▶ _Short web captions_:
• • • •
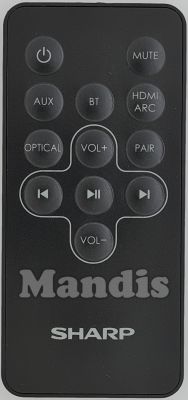 Original remote control SHARP HTSB95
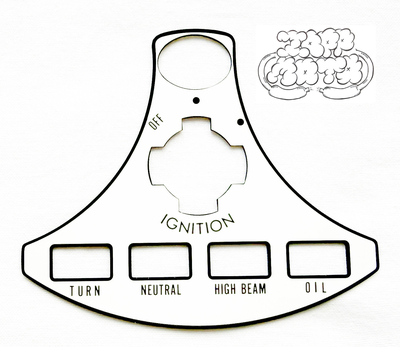 Z1 Z2 後期インジケーターパネル白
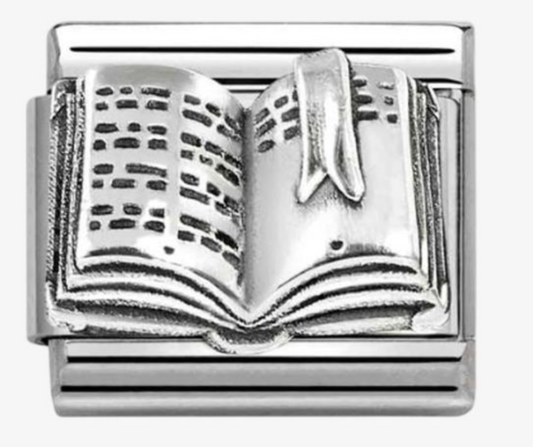 Nomination Stainless Steel & Silver Open Book Charm 33010185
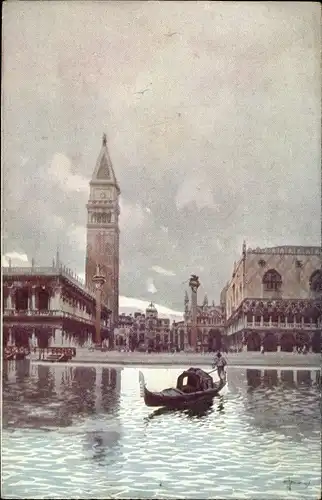 Künstler Ak Venezia Venedig Veneto, Piazzetta S. Marco dalla Laguna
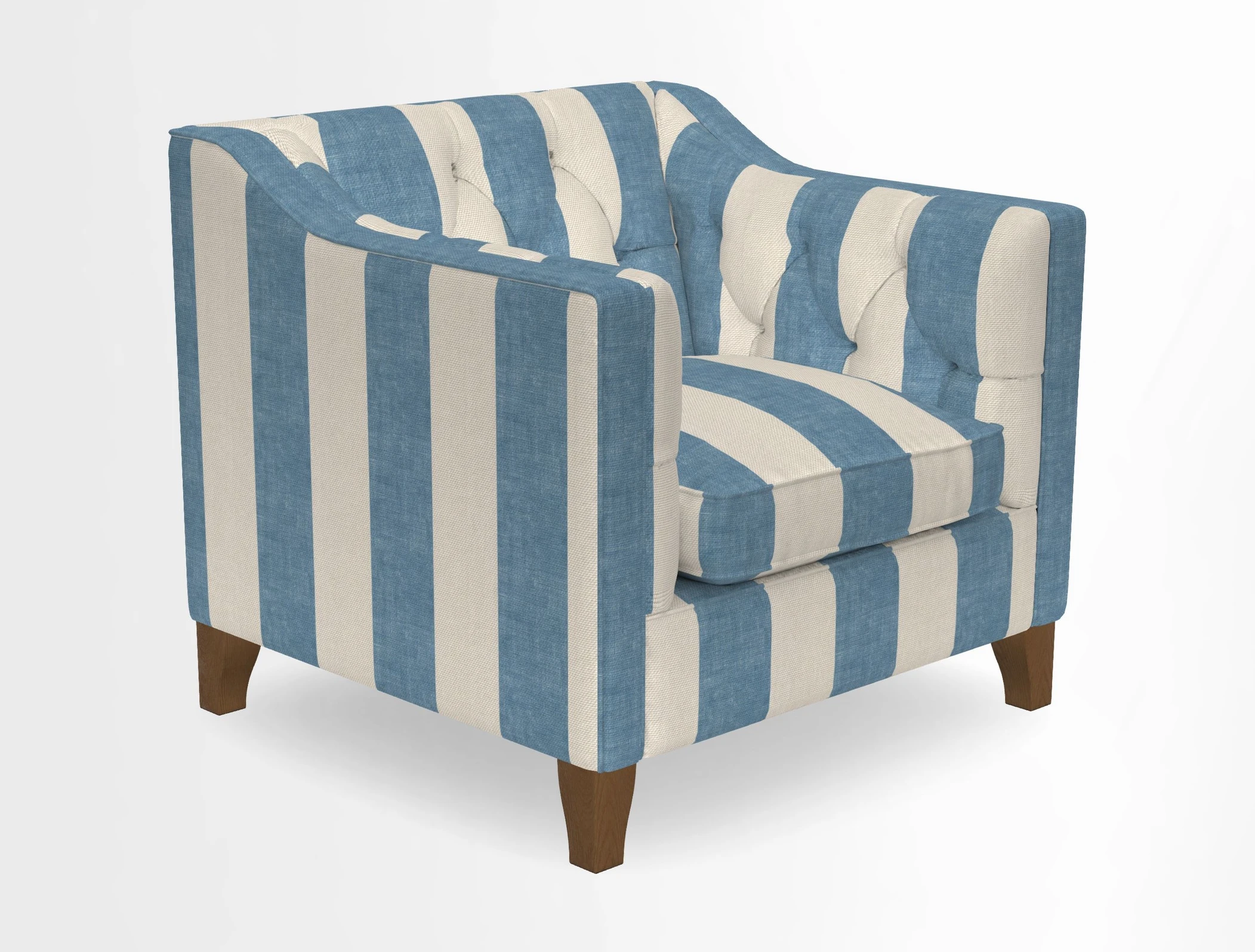 Haresfield Dipped Arm Chair in Two Tone Plain Biscuit
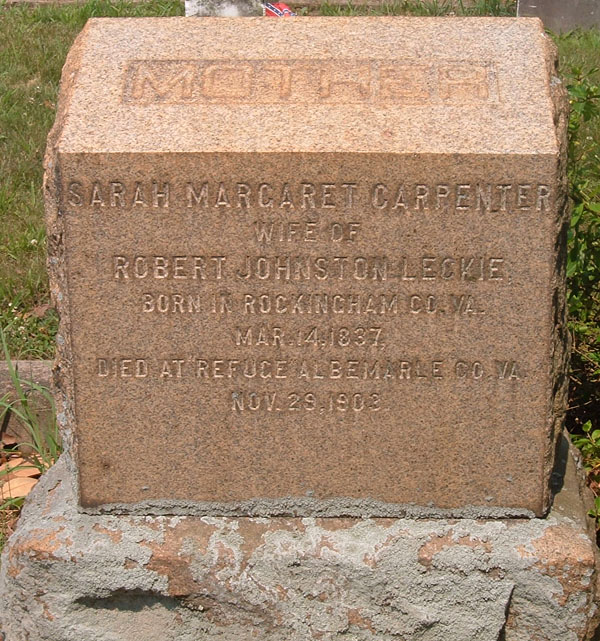 Sarah Margaret Carpenter Gravestone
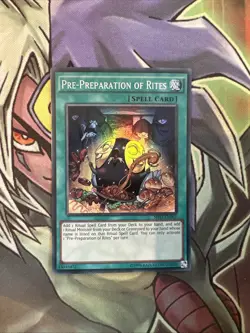 SHVI-EN065 Pre-Preparation Of Rites Super Rare Unlimited Edition NM Yugioh Card - Image 1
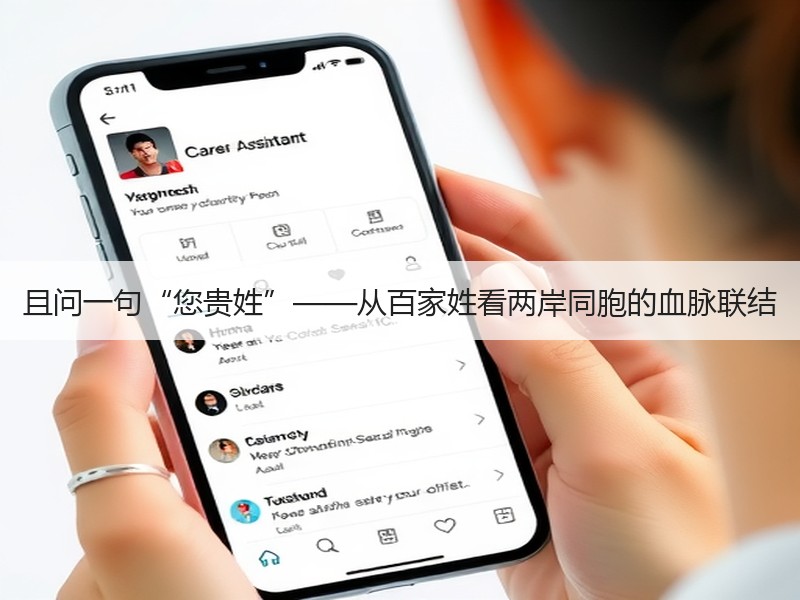 且问一句“您贵姓”——从百家姓看两岸同胞的血脉联结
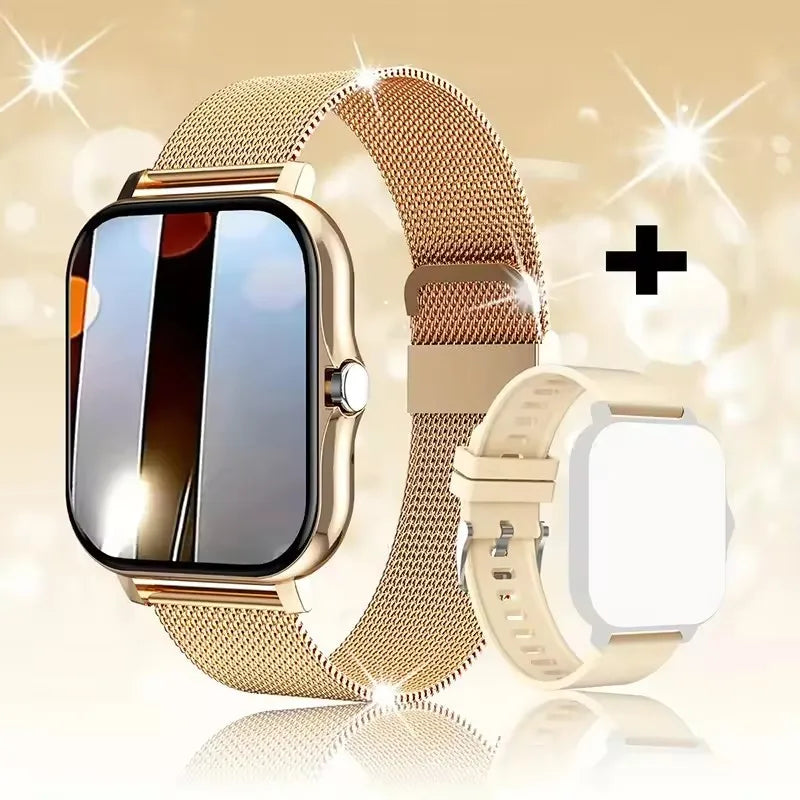 Nouvelle montre intelligente 2.01 pouces HD affichage réponse faire appel Message vue Modes sportifs smartwatch bricolage cadran prévisions météorologiques hommes femmes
• • • •
▶ _TASK PROMPT_: Only the text of the records belongs in your answer, repeated exactly; the pictures stay out.

▶ _RESPONSE TO THE EXERCISE_:
 Original remote control SHARP HTSB95
 Z1 Z2 後期インジケーターパネル白
 Nomination Stainless Steel & Silver Open Book Charm 33010185
 Künstler Ak Venezia Venedig Veneto, Piazzetta S. Marco dalla Laguna
 Haresfield Dipped Arm Chair in Two Tone Plain Biscuit
 Sarah Margaret Carpenter Gravestone
 SHVI-EN065 Pre-Preparation Of Rites Super Rare Unlimited Edition NM Yugioh Card - Image 1
 且问一句“您贵姓”——从百家姓看两岸同胞的血脉联结
 Nouvelle montre intelligente 2.01 pouces HD affichage réponse faire appel Message vue Modes sportifs smartwatch bricolage cadran prévisions météorologiques hommes femmes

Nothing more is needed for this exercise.